So today I read that, in fact, a proposal is going to be making its way to the Seimas rather soon. This proposal splits the pool of possible dual-citizens into six categories:
- Presidential exceptions
- Political prisoners and deportees, as well as their descendants
- Exiles who left Lithuania between 1940 and 1990
- Ethnic Lithuanians who live in traditionally Lithuanian lands (Puńsk, etc.)
- Children of current Lithuanian citizens born outside of Lithuania
- Lithuanian citizens who, living in other nations of the EU, acquire citizenship in the other EU nation.
PLB, unsurprisingly, showed its intense pro-NATO bias by arguing that the sixth group should be changed to include NATO nations. Chairperson Regina Narušienė argues that NATO guarantees the continuity of Lithuania’s indepedence, after all.
It strikes me that not included in the list above is the exception made for all descendants of interwar citizens. So someone like me is out of luck and unable to get dual citizenship. (I suppose I am still eligible to get Lithuanian citizenship and forfeit my US citizenship, though...)
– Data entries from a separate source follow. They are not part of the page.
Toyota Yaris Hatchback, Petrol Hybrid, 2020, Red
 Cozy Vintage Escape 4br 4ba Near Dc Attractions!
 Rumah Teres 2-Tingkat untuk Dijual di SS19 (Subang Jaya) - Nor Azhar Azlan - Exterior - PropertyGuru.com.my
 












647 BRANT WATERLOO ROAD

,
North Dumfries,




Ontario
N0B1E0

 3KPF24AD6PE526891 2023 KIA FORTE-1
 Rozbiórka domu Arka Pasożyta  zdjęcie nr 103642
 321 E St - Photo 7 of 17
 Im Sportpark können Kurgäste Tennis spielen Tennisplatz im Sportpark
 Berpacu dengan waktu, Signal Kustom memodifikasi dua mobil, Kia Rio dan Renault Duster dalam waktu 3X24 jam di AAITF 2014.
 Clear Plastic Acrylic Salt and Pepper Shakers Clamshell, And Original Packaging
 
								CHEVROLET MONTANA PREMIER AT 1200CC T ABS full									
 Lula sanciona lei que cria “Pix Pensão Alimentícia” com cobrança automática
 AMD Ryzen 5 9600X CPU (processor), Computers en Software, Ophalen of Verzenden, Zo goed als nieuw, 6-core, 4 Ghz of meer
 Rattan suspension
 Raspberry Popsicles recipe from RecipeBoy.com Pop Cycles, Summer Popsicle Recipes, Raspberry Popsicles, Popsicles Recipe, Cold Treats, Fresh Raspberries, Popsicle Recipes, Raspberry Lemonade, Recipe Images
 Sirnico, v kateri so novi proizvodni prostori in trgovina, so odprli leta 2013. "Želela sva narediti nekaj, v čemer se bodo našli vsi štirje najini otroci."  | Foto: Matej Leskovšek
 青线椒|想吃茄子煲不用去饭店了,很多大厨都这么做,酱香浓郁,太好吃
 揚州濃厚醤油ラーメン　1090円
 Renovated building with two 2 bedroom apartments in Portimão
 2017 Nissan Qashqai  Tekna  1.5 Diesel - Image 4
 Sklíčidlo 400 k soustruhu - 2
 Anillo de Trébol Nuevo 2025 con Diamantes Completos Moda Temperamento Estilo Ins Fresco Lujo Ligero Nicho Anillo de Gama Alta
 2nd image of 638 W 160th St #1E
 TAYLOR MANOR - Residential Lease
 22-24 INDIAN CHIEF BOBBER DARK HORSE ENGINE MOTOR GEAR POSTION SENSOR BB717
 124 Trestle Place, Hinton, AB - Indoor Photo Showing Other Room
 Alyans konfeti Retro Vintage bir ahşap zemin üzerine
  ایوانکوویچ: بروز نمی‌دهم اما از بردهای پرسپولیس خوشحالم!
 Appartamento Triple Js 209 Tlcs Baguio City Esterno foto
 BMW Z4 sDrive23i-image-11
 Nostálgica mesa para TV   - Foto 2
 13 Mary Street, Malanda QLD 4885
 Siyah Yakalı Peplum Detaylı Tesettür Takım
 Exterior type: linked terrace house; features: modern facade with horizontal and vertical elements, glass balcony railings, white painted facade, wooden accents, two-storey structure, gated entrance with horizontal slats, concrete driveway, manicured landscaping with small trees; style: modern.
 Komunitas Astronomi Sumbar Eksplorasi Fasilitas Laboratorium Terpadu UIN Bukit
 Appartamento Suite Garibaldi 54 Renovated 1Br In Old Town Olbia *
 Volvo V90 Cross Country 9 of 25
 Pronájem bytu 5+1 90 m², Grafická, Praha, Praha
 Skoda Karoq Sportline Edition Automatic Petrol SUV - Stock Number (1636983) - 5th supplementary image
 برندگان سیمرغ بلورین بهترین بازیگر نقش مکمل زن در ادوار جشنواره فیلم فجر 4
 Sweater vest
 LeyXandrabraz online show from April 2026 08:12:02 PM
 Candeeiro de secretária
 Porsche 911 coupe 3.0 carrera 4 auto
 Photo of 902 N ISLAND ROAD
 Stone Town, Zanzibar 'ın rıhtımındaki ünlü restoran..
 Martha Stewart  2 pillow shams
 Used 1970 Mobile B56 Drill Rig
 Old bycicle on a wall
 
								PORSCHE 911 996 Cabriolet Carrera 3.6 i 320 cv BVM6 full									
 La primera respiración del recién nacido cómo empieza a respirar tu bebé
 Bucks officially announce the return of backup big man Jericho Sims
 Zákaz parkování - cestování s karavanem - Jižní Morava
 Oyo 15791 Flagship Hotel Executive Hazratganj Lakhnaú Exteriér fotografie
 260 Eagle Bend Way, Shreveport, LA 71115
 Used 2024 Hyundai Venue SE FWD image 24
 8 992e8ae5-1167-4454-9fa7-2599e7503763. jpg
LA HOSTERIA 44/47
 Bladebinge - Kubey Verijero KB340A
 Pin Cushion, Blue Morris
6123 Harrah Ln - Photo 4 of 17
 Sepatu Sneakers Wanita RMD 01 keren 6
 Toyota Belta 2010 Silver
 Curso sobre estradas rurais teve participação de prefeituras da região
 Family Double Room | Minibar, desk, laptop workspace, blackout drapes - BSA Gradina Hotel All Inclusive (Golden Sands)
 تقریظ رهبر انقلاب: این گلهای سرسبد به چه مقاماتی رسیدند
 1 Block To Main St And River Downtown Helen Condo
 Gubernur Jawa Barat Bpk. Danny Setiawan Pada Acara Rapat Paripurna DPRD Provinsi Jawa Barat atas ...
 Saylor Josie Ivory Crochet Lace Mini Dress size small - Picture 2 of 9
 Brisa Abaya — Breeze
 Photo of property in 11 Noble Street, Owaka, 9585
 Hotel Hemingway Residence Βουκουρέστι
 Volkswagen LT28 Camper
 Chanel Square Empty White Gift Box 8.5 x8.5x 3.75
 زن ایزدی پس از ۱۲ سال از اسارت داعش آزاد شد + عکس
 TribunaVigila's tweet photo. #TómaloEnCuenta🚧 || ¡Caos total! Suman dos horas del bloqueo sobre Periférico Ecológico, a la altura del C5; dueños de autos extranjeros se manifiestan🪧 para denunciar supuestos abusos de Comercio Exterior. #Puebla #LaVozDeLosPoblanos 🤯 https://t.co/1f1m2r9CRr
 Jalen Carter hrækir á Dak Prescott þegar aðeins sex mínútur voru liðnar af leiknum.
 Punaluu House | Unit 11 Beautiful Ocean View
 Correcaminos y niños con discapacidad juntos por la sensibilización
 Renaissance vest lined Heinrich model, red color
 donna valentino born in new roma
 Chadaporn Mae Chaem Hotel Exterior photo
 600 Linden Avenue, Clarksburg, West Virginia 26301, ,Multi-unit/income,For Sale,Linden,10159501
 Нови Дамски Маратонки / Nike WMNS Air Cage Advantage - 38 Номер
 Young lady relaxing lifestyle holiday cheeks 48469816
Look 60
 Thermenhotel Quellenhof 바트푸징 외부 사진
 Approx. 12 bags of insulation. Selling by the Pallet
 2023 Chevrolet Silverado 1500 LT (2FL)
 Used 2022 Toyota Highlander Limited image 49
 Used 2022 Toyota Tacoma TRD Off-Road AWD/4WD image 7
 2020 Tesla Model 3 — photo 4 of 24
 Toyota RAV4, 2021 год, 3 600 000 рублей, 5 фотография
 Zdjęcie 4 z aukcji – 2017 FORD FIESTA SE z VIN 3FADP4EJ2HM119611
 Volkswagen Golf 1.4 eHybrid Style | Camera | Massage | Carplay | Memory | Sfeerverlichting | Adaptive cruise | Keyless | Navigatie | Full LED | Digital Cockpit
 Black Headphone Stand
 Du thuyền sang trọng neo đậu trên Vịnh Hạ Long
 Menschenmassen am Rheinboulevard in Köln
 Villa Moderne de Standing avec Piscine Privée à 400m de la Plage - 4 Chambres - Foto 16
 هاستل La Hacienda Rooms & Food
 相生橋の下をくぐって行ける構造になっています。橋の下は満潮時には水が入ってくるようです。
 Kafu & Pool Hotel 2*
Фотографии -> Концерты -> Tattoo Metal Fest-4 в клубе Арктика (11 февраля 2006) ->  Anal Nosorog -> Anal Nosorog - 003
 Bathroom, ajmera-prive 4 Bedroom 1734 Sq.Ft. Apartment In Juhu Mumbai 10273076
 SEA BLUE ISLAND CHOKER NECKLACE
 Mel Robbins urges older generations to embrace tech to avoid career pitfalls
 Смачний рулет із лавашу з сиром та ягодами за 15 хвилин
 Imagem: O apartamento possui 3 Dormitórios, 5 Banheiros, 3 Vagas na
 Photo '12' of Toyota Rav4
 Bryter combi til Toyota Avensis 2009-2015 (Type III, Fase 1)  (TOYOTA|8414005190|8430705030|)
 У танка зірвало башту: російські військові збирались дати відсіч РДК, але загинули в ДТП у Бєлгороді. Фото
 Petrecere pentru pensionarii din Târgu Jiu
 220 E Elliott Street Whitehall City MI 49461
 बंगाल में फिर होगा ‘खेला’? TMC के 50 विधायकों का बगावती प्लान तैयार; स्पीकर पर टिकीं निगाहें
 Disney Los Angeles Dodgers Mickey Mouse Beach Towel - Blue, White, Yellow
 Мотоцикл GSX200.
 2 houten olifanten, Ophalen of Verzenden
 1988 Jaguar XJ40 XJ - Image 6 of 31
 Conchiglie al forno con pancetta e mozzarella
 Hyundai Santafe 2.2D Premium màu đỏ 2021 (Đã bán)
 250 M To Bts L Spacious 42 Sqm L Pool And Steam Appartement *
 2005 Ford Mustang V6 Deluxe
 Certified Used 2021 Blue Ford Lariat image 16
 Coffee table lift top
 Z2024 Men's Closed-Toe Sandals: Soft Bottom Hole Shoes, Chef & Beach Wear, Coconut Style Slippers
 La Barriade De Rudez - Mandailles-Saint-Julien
As a result, the news is sort of middling. I can't loophole my way into an EU passport (on the one hand), but (on the other hand) the committee has clearly shown a concern with the new diaspora coming on the heels of accession. That is, certainly, good to see. So the solution still won't satisfy the old dypukai sitting on their bags of gold in the suburbs of Chicago, but it does go far in satisfying the actual problems Lithuania currently faces.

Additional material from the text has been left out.